Scripts for processing the Amazon Reviews 2023 dataset; implementations and checkpoints of BLaIR: "Bridging Language and Items for Retrieval and Recommendation".

MIT License

106 stars 13 forks source link

Amazon-C4 Model Evaluation #13

Open nkn002 opened 1 month ago

nkn002 commented 1 month ago

Hi,

Thanks for the repo! One thing that is unclear to me is how you evaluated your models on the Amazon-C4 dataset. In your repo, you mentioned that _"sampled_item_metadata1M.jsonl contains ~1M items sampled from the Amazon Reviews 2023 dataset. For each <query, item> pairs, we randomly sample 50 items from the domain of the ground-truth item. This sampled item pool is used for evaluation of the BLaIR paper. Each line is a json", however it remains unclear to me how the evaluation is done. If I understand correctly, each query will have one exact match, so how exactly are you calculation the nDCG@100? Can you provide the code for that if possible since I couldn't find it on your repo.

Thanks!

hyp1231 commented 1 month ago

Hi, for each query, the candidate item pool consists of ~1M items. We calculate nDCG@100 to evaluate how effectively the model retrieves the one ground truth item from this ~1M item pool.

By “Sampling 50 items from the domain of the ground-truth item,” we mean that the distributions of domains (or categories) are consistent between (1) ground-truth items and (2) candidate items.

Thank you for bringing this to our attention! We will update the setting description to make it clearer.

XiaoxinHe commented 3 days ago

Hi,

Thank you for the great work and for making this dataset available.

I was wondering if you could share the code used for the Amazon-C4 model evaluation.
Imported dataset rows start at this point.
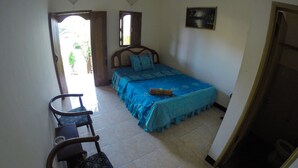 A bedroom with a bed, a chair, and a small table. There is a window and a door leading to the outside. - Warungku In Home Stay Senggigi (Senggigi)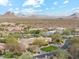 Beautiful desert community home with a circular drive, manicured lawn, and a stunning mountain backdrop at 9513 N 129Th Pl, Scottsdale, AZ 85259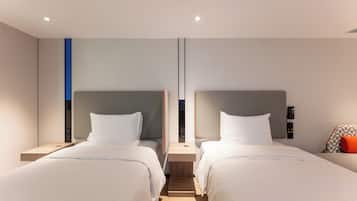 A modern hotel room with two beds, a small table, and a wall-mounted phone.
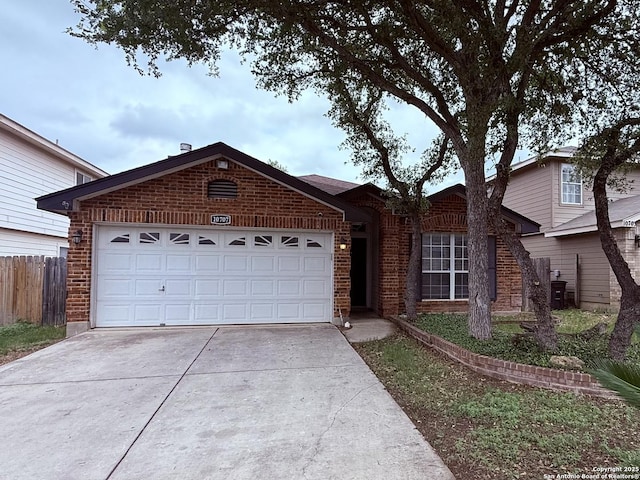 single story home featuring brick siding, an attached garage, driveway, and fence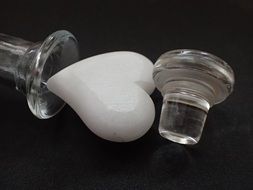 white heart near a glass carafe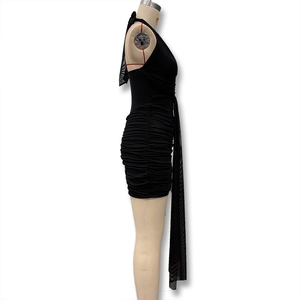 Detail of black halter bodycon mini dress featuring ruched fabric and sheer mesh streamers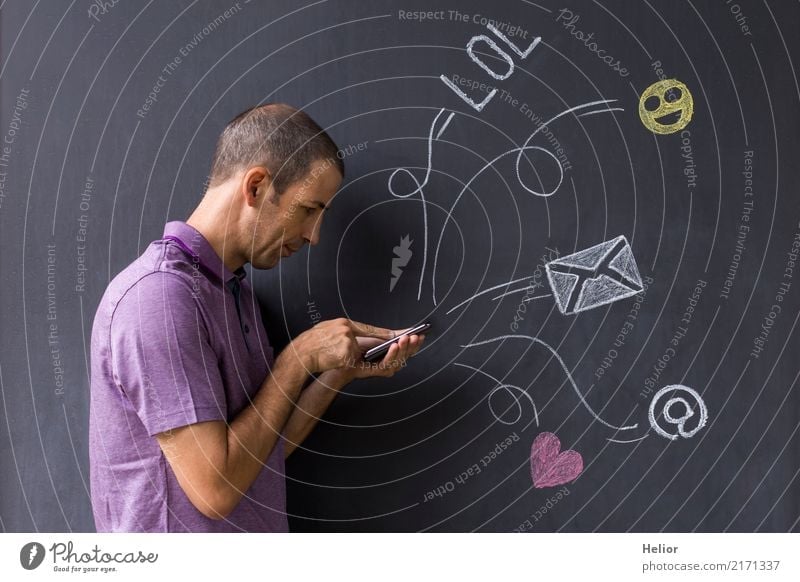 Mann mit Mobiltelefon vor mit Kreide gezeichneten Social Media Symbolen an einer Wandtafel (Thema: Social Media Overload) Lifestyle Freude Handy PDA Internet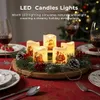 A festive Christmas table setting with LED candles, wine glasses, and plates. Produktbild-Vorschau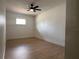 Bright bedroom featuring wood-look flooring, a ceiling fan, and a window at 3045 Plaza Terrace Dr, Orlando, FL 32803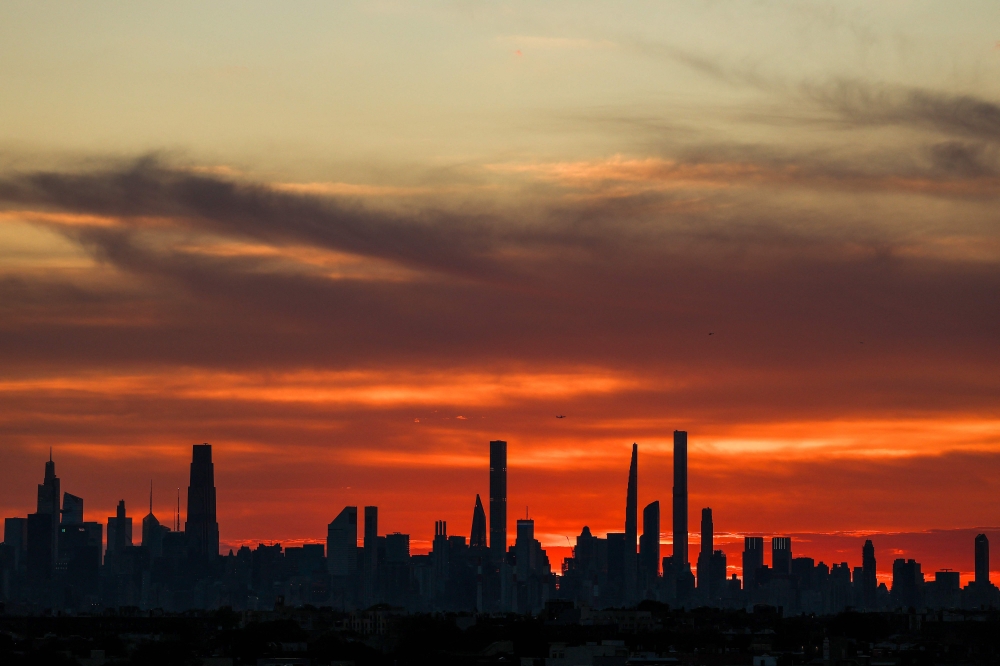 A general view of the Manhattan skyline during sunset. After the initial dust cloud that followed the collapse of the World Trade Centre, months of pollution and lingering dust ensued, causing cancers that thousands of New Yorkers still suffer today. — Julian Finney/Getty Images North America/Getty Images pic via AFP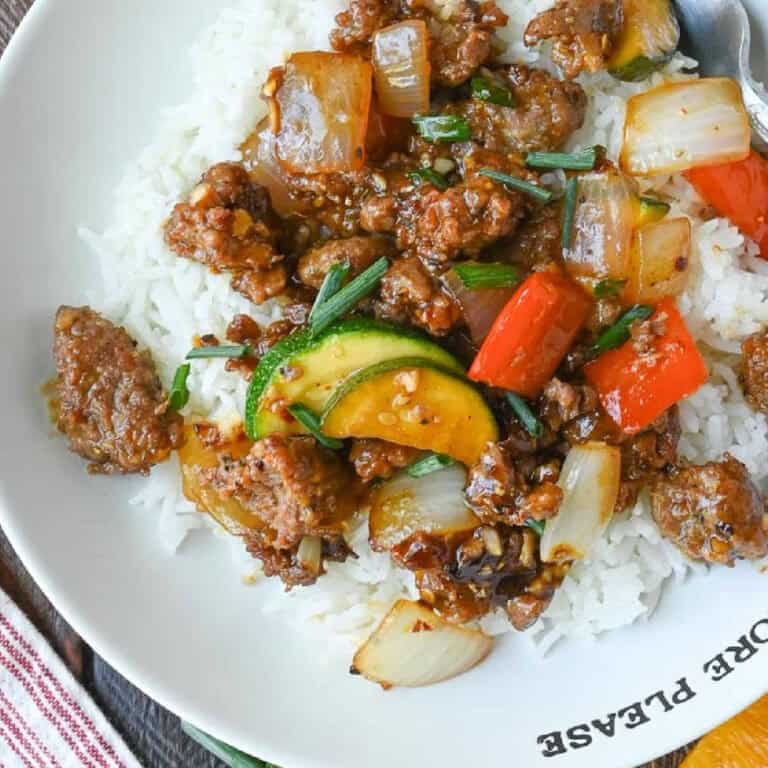 Close up of pork stir fry served over rice.
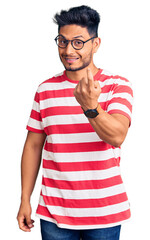 Handsome latin american young man wearing casual clothes and glasses beckoning come here gesture with hand inviting welcoming happy and smiling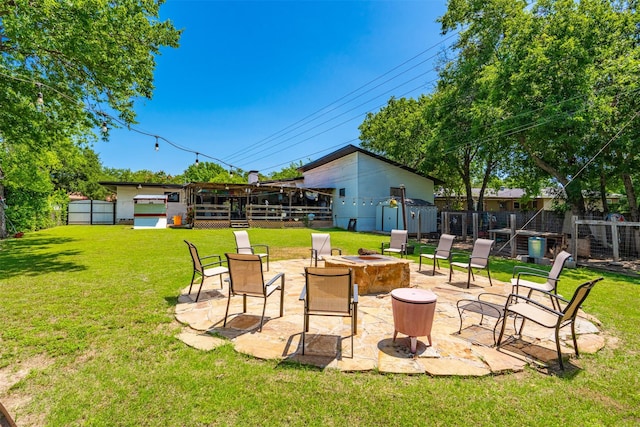 4925 Terrace Trl, Fort Worth, TX 76114 - fenced backyard with an outdoor fire pit and a patio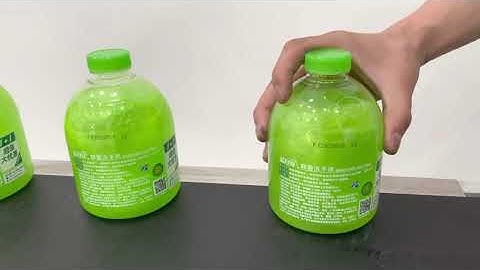 TIJ Online printer printing on plastic bottles.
I have been trying to replicate the results from Table 7 but noticed a performance gap, which might be due to differences in experimental settings. For instance, I noticed that the sequence length for training BLAIR is set to 64. Could you clarify the maximum sequence length used during evaluation?

Additionally, would it be possible to provide the ESCI dataset linked with the Amazon Review 2023 dataset, along with the corresponding candidate pool? Having access to these would greatly facilitate reproduction of the results.

Thank you in advance for your consideration and support.